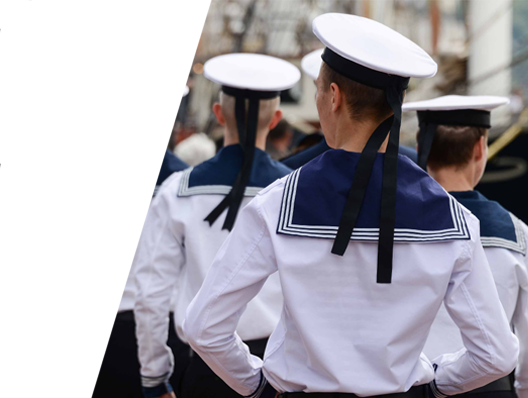 Contactez-nous si vous êtes un professionnel, revendeur ou partenaire de l'Armada 2023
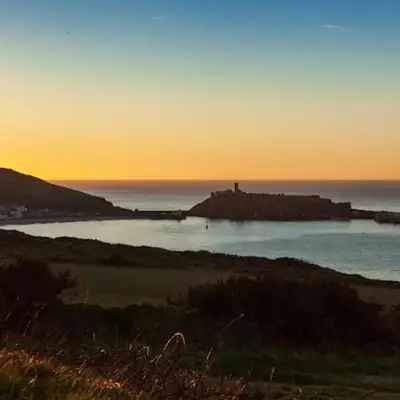 Cliff Cottage Beautifully appointed apartment with world class view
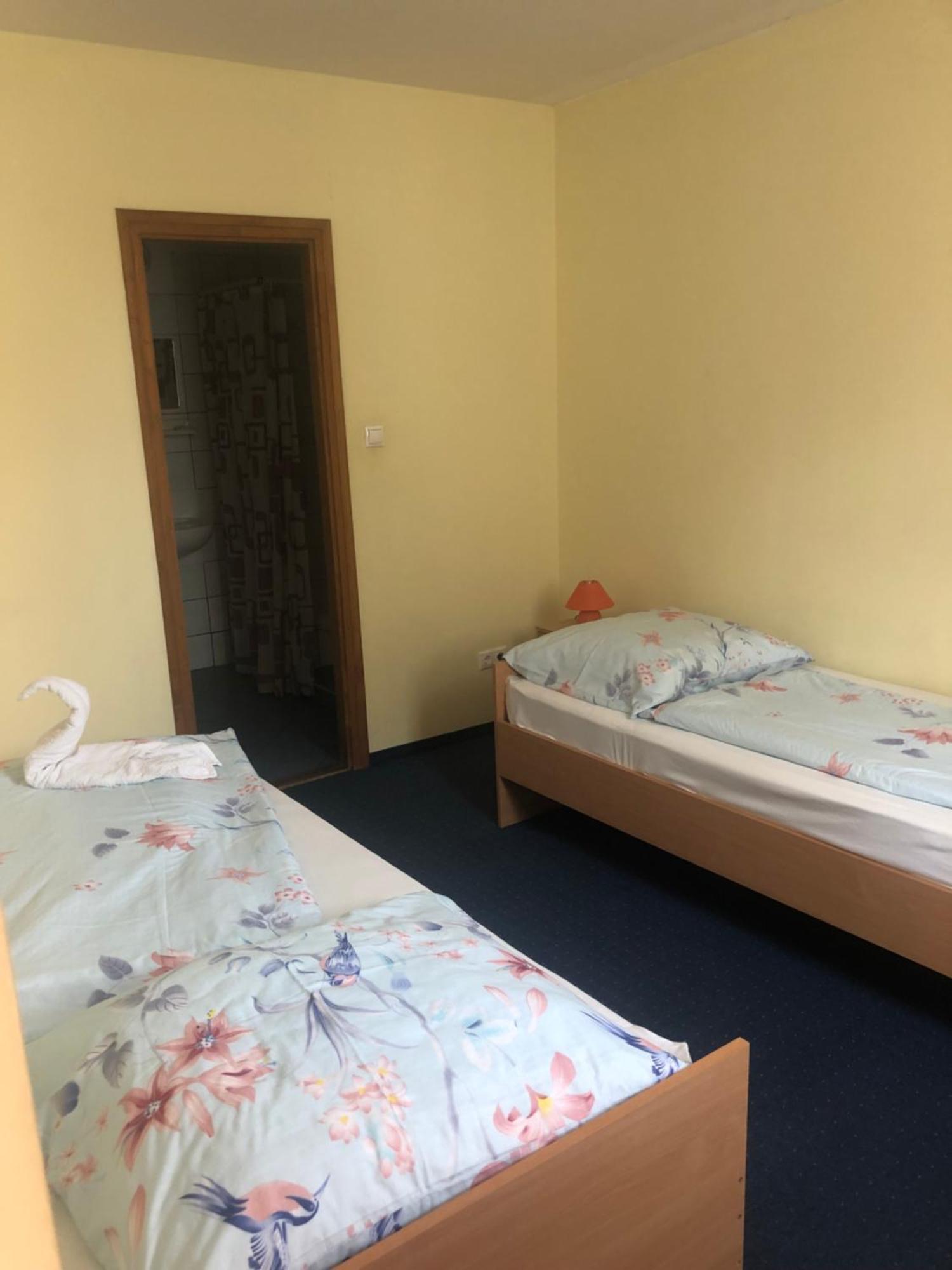 City Hotel Siofok Luaran gambar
• • • • •
* _What you need to do_: From the line that contains "Cliff Cottage Beautifully" through the last line of the listing, copy each line exactly; both end lines stay in, and pictures stay out.

* _Result of this exercise_:
 Cliff Cottage Beautifully appointed apartment with world class view
 City Hotel Siofok Luaran gambar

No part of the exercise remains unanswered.